In occasione dei 20 anni dalla fondazione, l'ADI presenta la sua VI Indagine su Dottorato e Post-Doc il 6 ottobre 2016, presso la Sala Stampa della Camera dei Deputati a Roma.
Per quanto riguarda il dottorato di ricerca, continuano a dispiegarsi i perversi effetti degli ultimi provvedimenti legislativi in materia, combinati ad un sempre più pesante definanziamento del settore della ricerca. In 10 anni, i posti di dottorato banditi annualmente in Italia sono calati del 44.5%, passando da circa 16000 a poco più di 8500. La contrazione dell'offerta dottorale non è omogenea su tutto il territorio nazionale, ma risulta in un processo di "compressione selettiva": i posti di dottorato banditi nel nord del paese, infatti, passano dal 43.6% al 49.1% sul totale, mentre al sud si verifica un calo dal 27.7% al 21.7%. L'offerta di dottorato, inoltre, risulta frammentata in una serie di posizioni con caratteristiche molto differenti (borsisti, non borsisti, dottorati industriali e in apprendistato, etc...) senza che ciò risulti in un reale arricchimento dell'offerta formativa; tale proliferazione, invece, sembra funzionale a "parare il colpo" rispetto ai tagli.
La VI Indagine si arricchisce dei risultati di una rilevazione su un campione di più di 5000 dottorandi italiani, promossa da ADI da febbraio ad aprile 2016. La rilevazione evidenza una decisa mancanza di informazione dei colleghi rispetto alle possibilità di accesso a fondi per la mobilità e la ricerca: il 56.4% dei rispondenti, infatti, non è al corrente delle modalità di erogazione del budget del 10% per le attività di ricerca, previsto dal DM 45/2013. Malgrado la nota MIUR 436/2014 garantisca al collegio dei docenti la facoltà di decidere in merito alla compatibilità del dottorato con attività lavorative retribuite, l'indagine evidenzia che in molti casi, e in maniera del tutto illegittima, l'incompatibilità tra dottorato e lavoro è assoluta. Tale situazione è particolarmente odiosa per i dottorandi non borsisti, che nel 14.4% dei casi, si trovano a non poter svolgere alcuna attività lavorativa mentre sono costretti a pagare tasse per frequentare i corsi di dottorato. Una preoccupante percentuali di colleghi, poi, dichiara che nel suo corso non sono previste attività formative obbligatorie (11,8%). Infine, si evidenza che l’aspettativa di svolgere un periodo di ricerca all’estero è molto diffusa tra i rispondenti del I e II anno ma non trova riscontro nel tasso effettivo di mobilità registrato tra i colleghi al III anno.
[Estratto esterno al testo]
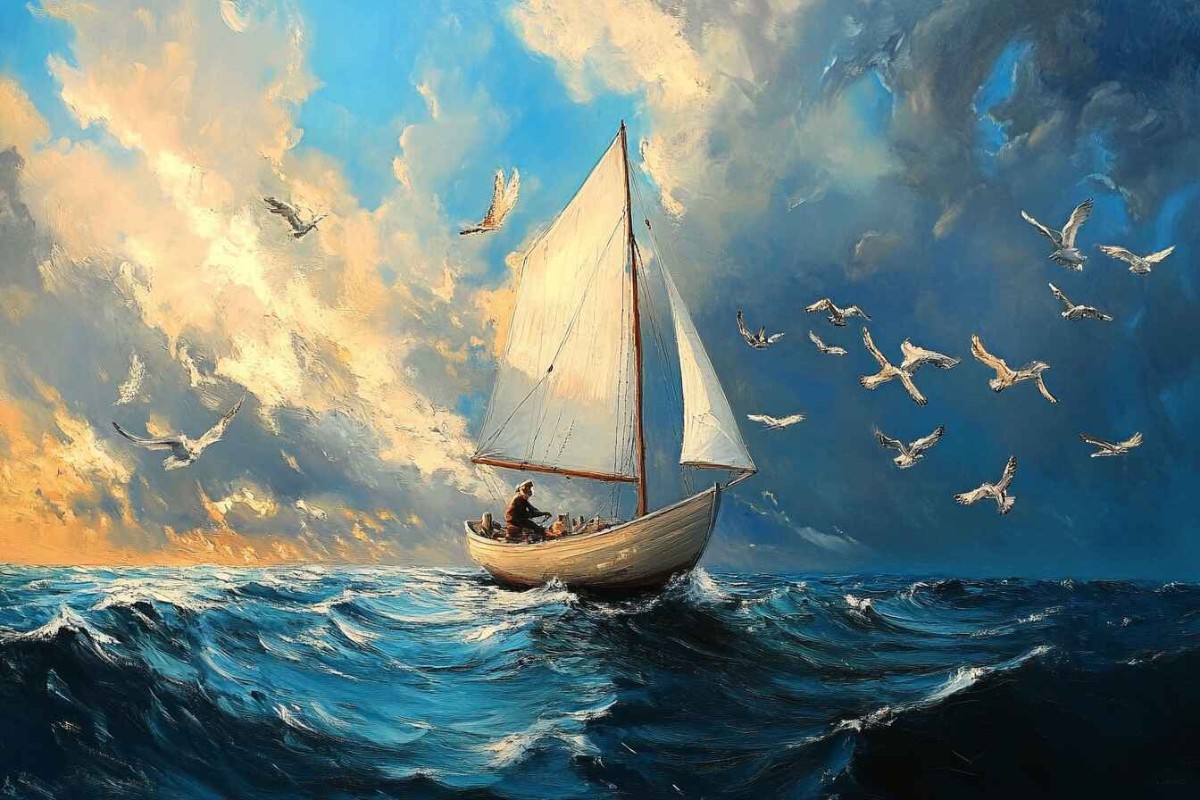 Изображение сгенерировано при помощи нейросети Midjourney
Per quanto riguarda il post-doc, continua la forte concentrazione a livello territoriale delle posizioni di assegnisti, RTDa ed RTDb, con disuguaglianze crescenti fra Centro-Nord e Sud: il 50,3% degli RTDa, ad esempio, è concentrato in 5 regioni: Lombardia, Emilia-Romagna, Veneto, Toscana e Lazio. Dalle stime dell'Indagine, il piano straordinario RTDb (DM 78/2016) risulta del tutto insufficiente a invertire la tendenza alla contrazione delle possibilità di reclutamento per i giovani ricercatori. Infatti, a fronte di 1.800 pensionamenti annui medi, meno di 1.000 ricercatori verranno inseriti in ruolo. Oltretutto siamo in presenza di una misura non strutturale ma contingente ed emergenziale. L'annuale proiezione sul reclutamente si arricchisce di una stima derivata da dati ANVUR e relativa al tasso di superamento dell'Abilitazione Scientifica Nazionale (ASN). Tale proiezione conferma un elevato tasso di espulsione per i post doc: nei prossimi anni solo il 6,5% di chi attualmente è assegnista di ricerca riuscirà ad accedere ad una posizione di professore associato negli atenei italiani. Ancora una volta, dunque, gli effetti dei tagli e del blocco del turn over si scaricano sulla componente più debole della comunità accademica.